Keywords — Reviews, ratings, classification, performance, sentiment analysis.
I.INTRODUCTION
In the digital age that we are living, before making a hotel room reservation, users go online to read the reviews of the business to learn more about the accommodations of the hotel, to get a sense for how clean the rooms are, to learn about the services, security, food offerings and overall, people read reviews to see if previous guest were satisfied with their hotel reservations. Another important aspect about reviews is that it reflects actual experiences of guests. Especially for hotel booking, such user reviews are relevant since they are more actual and detailed than reviews found in traditional printed hotel guides and they are not biased by marketing (Kasper and Vela, 2012).
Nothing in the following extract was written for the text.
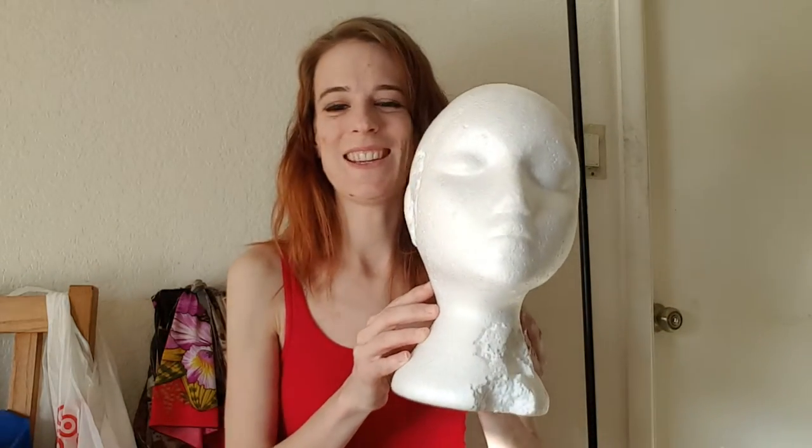The final thing you want is something to try the horns on. I've got my busted-up styrofoam head here, but of course if you're sanding them to fit comfortably on your own forehead, well, there you go.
The focus of this study is training supervised learning text classification models to see whether or not its possible to predict reviews ratings. The dataset was scraped from TripAdvisor and contained the name of a person leaving a review, the actual user review and the rating from the top ten rated hotels. After tokenizing, lemmatize and filtering the data, I vectorized the reviews first with the term frequency-inverse document frequency (tf-idf) method, which provides insight to the weight of each word in each document and also with count vectorizer that transforms the text in vectors of the tokens counts.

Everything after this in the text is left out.